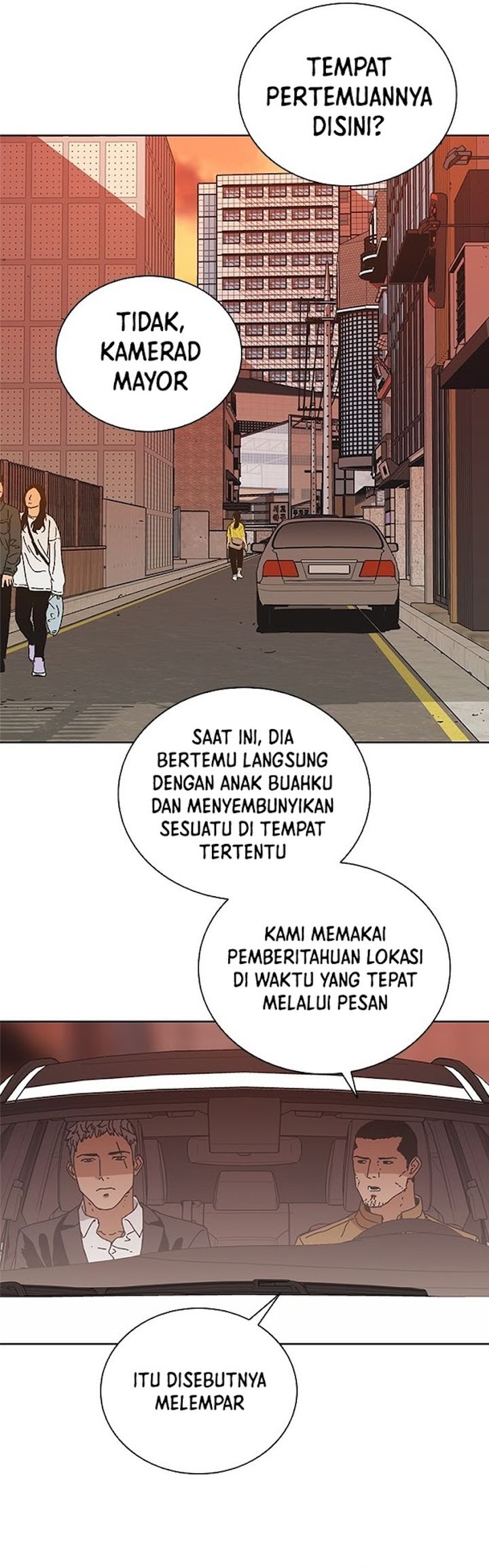 Tarantula (SHIN Jinwoo) Chapter 37 Gambar 5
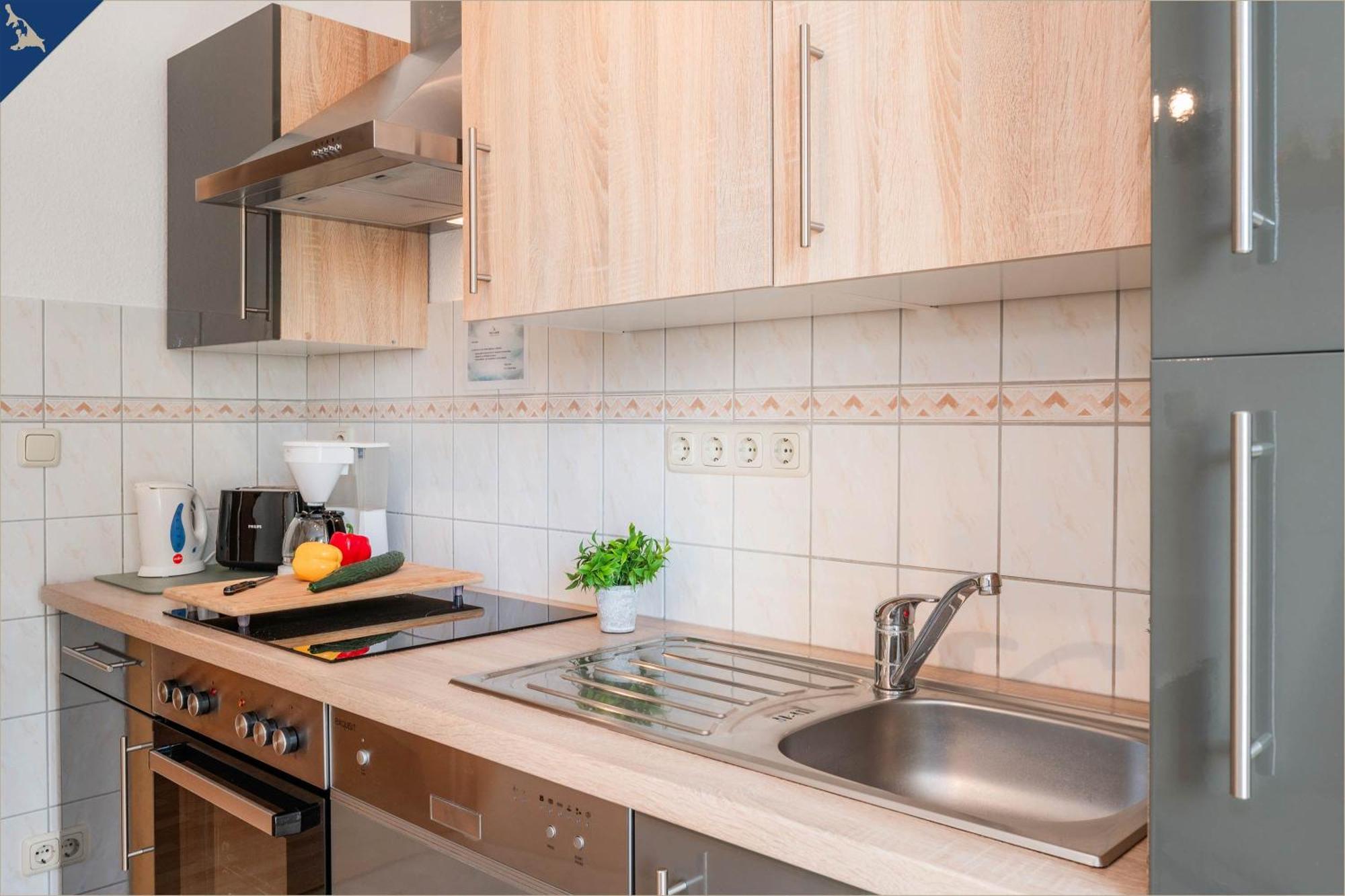 Apartment Seemoewe Херингсдорф Екстериор снимка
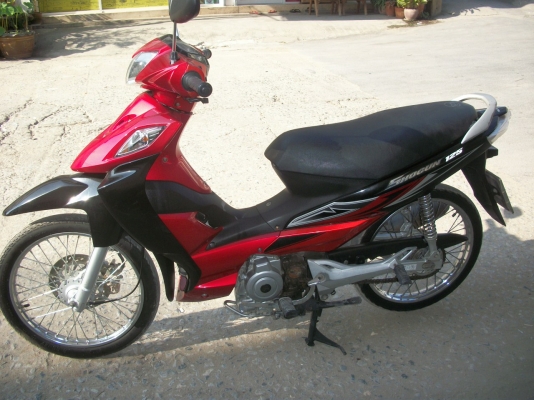 SHOGUN  สีสวยๆ  เครื่องเดิมๆ น๊อตไม่มีถอด  ราคาถูก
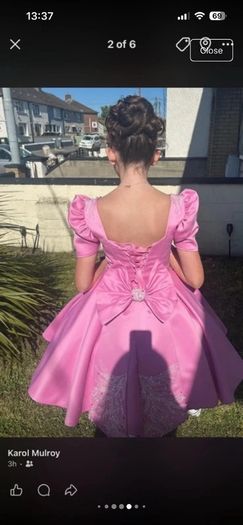 confirmation dress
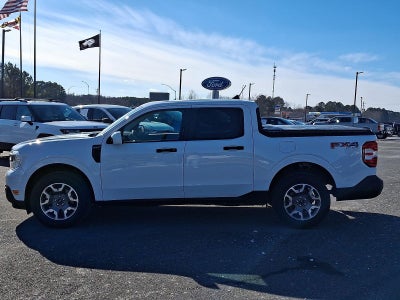2022 Ford Maverick XLT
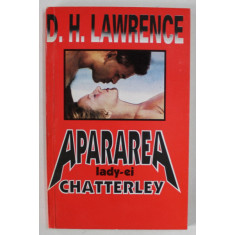 APARAREA LADY - EI CHATTERLEY de D.H. LAWRENCE , 1993
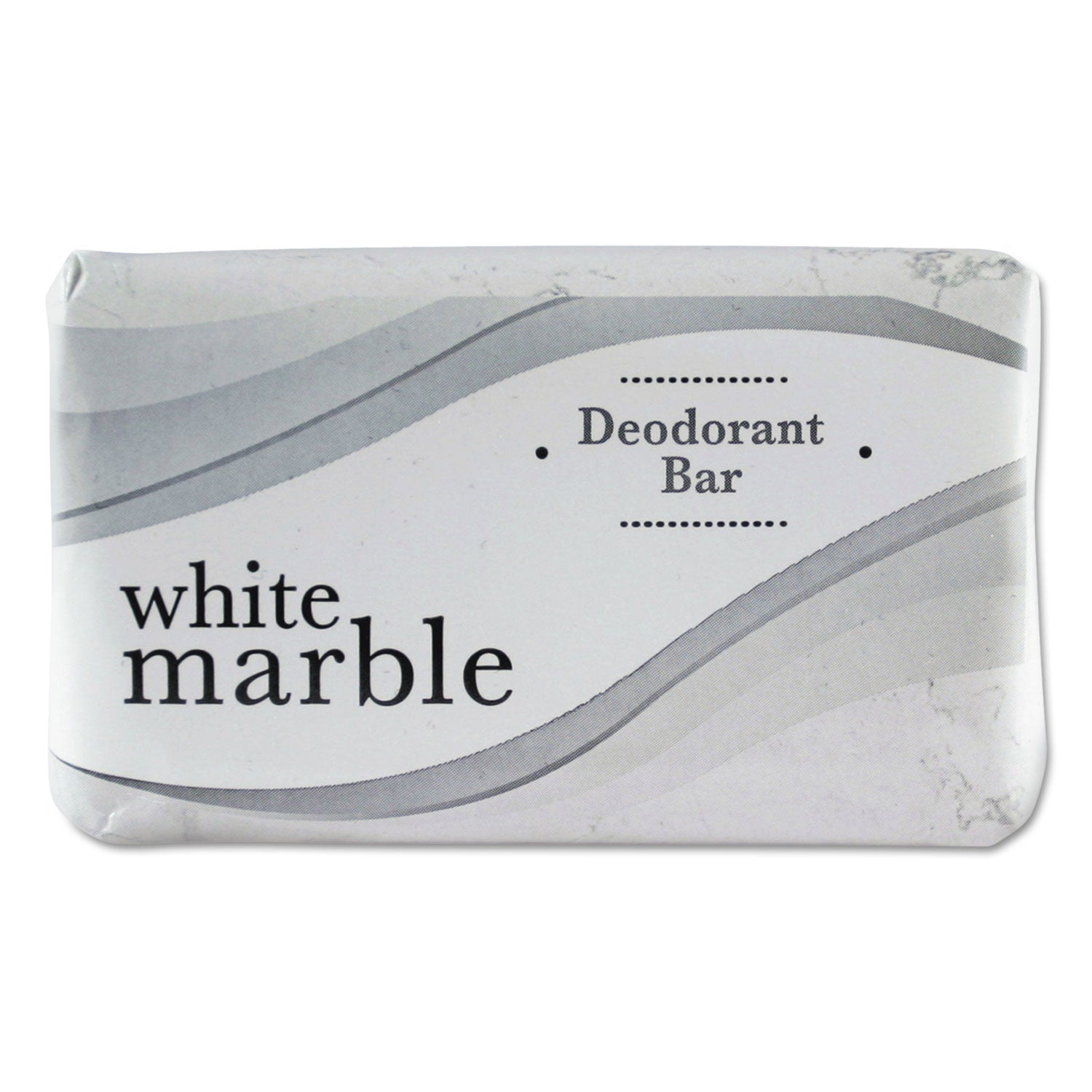 Dial Amenities Deodorant Soap, Pleasant Scent, # 3 Individually Wrapped Bar, 200/Carton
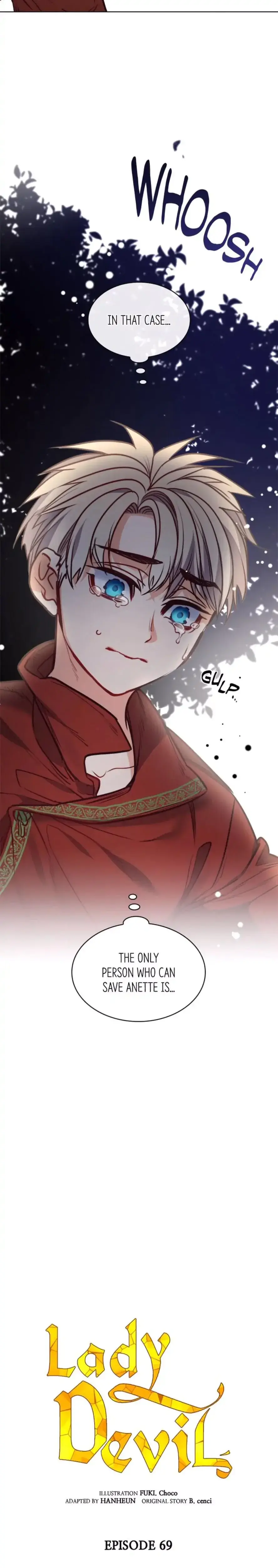 Lady Devil Chapter 69 - Page 5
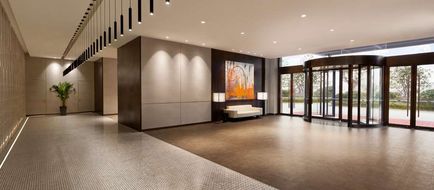 Hyatt House Shanghai New Hongqiao Lobby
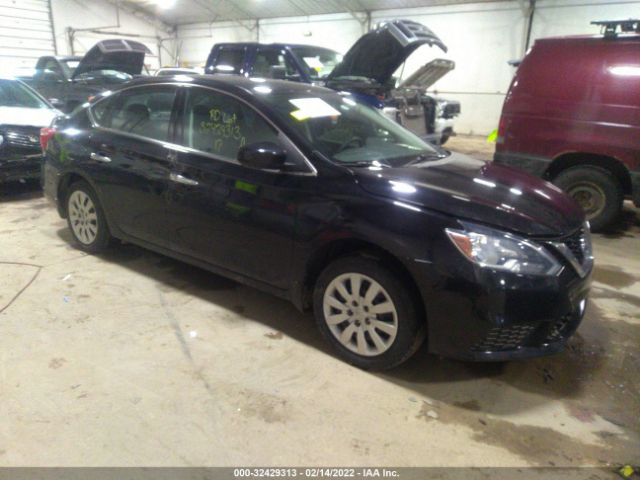 NISSAN SENTRA 2017 3n1ab7ap0hy402799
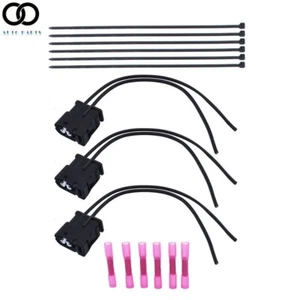 3PCS Ignition Coil Connector Plug With Wires Fit For Lexus IS300 / GS300 / SC300 - Picture 1 of 8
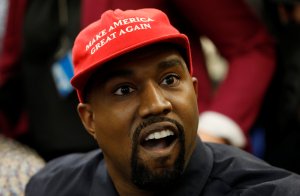 ¿Kanye West va en serio en su objetivo de llegar a la Casa Blanca?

_ _ _ _ _

AIM OF THE TASK:
Extract, word for word, each line from the one that contains "Lady Devil Chapter 69 - Page 5" through the final line of the data above. Leave the pictures out.

WORKED SOLUTION:
 Lady Devil Chapter 69 - Page 5
 Hyatt House Shanghai New Hongqiao Lobby
 NISSAN SENTRA 2017 3n1ab7ap0hy402799
 3PCS Ignition Coil Connector Plug With Wires Fit For Lexus IS300 / GS300 / SC300 - Picture 1 of 8
 ¿Kanye West va en serio en su objetivo de llegar a la Casa Blanca?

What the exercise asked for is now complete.